Il rottweiler, il leone, il cinghiale e… il barboncino - (18/08/2015)
Il codice deontologico impone al giornalista di affrontare un dibattito che lo veda, conduttore o moderatore, nella condizione di super partes con il compito di sollecitare la discussione senza prendere posizione, soprattutto quando si affrontano temi "sensibili" che per ovvi motivi possono essere sviluppati esclusivamente da persone che abbiano una specifica preparazione.
Questa dovrebbe essere la regola, ma ogni volta che si affronta l'argomento caccia, o questioni legate all'interazione della fauna selvatica con le attività antropiche, i buoni propositi, e le norme deontologiche, vanno a farsi benedire ed il giornalista di turno abbandona il suo ruolo e scende nell'arena partecipando, più o meno dichiaratamente, e muovendo i fili della discussione con lo scopo evidente di condurre il dibattito verso ragioni animaliste e anti caccia.

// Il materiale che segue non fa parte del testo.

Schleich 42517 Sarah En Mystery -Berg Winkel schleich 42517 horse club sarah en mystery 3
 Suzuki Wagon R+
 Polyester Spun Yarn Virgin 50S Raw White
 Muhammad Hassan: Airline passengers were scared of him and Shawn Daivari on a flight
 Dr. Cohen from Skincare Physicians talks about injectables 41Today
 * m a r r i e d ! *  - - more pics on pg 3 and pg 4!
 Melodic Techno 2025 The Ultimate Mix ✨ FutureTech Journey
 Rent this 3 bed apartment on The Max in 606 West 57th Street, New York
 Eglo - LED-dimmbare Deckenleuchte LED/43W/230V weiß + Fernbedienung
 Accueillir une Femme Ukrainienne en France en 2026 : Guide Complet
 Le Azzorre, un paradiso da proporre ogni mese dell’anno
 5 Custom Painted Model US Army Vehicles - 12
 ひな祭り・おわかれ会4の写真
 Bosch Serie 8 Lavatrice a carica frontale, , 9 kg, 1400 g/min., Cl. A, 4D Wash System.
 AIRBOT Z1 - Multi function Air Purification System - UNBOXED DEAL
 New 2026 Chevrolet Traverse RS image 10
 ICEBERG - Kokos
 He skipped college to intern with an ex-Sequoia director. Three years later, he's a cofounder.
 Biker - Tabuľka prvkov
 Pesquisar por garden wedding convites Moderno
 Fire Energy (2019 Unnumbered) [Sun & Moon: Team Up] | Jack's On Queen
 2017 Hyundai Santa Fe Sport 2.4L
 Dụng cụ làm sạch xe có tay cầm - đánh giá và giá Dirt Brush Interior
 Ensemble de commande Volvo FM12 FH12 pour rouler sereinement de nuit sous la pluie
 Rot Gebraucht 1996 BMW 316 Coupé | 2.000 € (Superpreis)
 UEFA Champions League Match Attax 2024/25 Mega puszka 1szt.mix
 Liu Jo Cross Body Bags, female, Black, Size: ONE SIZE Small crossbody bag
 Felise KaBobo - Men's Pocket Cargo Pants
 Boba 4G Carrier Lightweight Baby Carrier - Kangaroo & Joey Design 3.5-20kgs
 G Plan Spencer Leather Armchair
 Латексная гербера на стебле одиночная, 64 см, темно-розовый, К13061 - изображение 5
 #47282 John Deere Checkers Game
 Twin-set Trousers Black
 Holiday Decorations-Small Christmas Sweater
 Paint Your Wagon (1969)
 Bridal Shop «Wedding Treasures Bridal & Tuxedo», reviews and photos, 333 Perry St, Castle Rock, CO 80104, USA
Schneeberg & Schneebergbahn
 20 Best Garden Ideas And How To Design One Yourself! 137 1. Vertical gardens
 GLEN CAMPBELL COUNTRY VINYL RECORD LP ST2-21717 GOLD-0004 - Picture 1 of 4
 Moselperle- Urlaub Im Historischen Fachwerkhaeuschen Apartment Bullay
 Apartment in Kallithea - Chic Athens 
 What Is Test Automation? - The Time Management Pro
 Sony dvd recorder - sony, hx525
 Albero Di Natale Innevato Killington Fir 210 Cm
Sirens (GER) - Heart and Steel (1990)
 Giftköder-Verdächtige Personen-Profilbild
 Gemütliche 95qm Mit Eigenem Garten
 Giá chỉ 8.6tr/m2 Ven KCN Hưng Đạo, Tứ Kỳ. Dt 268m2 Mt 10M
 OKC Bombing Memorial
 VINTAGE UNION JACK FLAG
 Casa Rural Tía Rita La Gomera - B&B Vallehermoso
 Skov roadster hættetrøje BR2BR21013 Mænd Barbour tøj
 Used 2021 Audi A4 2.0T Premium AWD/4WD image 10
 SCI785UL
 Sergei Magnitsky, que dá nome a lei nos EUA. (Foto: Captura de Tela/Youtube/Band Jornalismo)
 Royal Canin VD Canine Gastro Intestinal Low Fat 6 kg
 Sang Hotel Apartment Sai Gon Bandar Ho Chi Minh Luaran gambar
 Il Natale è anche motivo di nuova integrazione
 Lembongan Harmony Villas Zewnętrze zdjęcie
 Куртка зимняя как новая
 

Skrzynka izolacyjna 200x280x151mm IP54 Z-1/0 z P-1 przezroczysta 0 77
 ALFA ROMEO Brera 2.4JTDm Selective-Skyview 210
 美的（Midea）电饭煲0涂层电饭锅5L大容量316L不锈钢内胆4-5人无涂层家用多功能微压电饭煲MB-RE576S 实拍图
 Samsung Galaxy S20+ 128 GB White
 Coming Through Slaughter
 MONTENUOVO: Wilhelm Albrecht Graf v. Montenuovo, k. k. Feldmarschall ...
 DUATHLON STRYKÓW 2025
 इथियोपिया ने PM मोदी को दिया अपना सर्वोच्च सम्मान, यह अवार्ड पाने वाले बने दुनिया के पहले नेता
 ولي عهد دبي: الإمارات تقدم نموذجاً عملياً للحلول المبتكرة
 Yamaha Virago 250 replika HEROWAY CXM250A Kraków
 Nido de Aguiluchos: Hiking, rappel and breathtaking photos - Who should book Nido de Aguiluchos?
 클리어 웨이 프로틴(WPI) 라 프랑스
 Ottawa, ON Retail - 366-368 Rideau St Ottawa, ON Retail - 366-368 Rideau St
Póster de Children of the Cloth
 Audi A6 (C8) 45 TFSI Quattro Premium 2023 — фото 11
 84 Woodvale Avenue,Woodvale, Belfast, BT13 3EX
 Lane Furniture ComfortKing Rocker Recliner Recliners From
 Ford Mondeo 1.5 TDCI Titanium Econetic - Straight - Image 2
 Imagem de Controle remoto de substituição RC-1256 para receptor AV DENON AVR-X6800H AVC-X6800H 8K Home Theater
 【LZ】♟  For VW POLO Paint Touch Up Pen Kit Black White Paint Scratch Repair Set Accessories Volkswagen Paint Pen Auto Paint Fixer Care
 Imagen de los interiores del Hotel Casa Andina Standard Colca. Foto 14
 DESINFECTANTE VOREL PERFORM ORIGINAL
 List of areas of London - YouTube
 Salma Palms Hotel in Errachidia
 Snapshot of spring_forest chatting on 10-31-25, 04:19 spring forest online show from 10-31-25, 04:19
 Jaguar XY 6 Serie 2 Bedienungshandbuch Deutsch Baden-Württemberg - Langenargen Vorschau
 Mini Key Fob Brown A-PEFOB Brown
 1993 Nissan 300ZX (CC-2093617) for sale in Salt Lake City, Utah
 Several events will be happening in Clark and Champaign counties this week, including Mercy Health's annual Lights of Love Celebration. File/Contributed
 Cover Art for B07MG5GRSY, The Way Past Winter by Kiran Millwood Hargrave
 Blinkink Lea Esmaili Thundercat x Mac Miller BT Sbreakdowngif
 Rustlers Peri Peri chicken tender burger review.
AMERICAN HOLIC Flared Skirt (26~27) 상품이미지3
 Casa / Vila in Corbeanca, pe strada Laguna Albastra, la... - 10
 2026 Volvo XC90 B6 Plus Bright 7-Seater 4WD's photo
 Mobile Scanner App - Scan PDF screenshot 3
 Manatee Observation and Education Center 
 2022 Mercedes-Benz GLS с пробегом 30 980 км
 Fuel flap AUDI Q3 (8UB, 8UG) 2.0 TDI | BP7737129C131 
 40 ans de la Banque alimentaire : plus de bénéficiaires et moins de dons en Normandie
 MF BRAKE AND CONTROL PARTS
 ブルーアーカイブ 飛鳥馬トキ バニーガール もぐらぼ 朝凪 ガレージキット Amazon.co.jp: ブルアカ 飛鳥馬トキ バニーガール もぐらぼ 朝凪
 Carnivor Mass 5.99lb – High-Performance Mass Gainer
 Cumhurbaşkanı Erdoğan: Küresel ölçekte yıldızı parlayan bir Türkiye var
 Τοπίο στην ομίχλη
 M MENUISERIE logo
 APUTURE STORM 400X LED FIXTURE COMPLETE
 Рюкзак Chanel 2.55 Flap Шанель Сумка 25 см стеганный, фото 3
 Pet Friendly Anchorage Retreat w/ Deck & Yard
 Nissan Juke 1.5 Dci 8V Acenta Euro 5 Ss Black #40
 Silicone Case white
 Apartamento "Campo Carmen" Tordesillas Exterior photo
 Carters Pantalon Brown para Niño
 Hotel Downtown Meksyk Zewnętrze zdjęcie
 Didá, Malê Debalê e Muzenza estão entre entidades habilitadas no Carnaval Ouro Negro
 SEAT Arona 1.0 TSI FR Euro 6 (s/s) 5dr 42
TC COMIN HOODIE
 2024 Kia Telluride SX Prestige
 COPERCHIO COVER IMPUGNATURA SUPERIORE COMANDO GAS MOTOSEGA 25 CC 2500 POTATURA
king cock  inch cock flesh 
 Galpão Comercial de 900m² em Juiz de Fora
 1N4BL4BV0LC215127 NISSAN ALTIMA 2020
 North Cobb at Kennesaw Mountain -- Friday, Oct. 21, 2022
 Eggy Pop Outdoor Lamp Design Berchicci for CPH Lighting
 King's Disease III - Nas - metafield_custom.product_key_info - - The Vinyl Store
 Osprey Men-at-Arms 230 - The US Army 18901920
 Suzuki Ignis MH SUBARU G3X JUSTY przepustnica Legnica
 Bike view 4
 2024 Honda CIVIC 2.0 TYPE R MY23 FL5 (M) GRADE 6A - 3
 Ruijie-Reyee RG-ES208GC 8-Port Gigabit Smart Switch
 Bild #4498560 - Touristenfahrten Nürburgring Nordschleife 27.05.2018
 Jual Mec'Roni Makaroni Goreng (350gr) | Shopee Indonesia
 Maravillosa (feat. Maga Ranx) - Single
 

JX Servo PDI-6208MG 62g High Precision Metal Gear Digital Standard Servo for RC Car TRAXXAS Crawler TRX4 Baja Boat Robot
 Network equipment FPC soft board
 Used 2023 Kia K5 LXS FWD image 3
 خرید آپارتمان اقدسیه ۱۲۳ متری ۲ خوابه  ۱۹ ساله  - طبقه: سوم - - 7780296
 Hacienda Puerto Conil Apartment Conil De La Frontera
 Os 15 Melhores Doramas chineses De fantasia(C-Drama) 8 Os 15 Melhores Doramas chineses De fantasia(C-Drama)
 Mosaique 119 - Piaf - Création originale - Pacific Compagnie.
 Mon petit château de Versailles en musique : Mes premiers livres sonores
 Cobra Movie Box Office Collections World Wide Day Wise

La puntata dell'undici agosto della trasmissione “Uno mattina estate” non ha fatto eccezione e così abbiamo assistito all'ennesimo "plagio della ragione" dove la coppia di conduttori, paventando un aplomb political correct, ha condotto il dibattito verso lidi a loro cari, sostenuti da immagini scelte ad arte e commenti fuori campo che condannavano l'ospite cacciatore e lo sconosciuto esperto di "turismo venatorio", a vittime designate, senza possibilità di appello.
Io che faccio questo mestiere vengo colto dall’imbarazzo quando assisto al perfido gioco messo in atto per crocifiggere l'incauto ospite che tenta di spiegare le proprie ragioni, qualunque esse siano. Ho sposato la verità pirandelliana del "così é se vi pare", ed ho scelto per amante il concetto di libertà di espressione voltariano. Ecco perché mi ribello ogni volta che vedo profanare il diritto/dovere di cronaca al quale ogni professionista dovrebbe attenersi.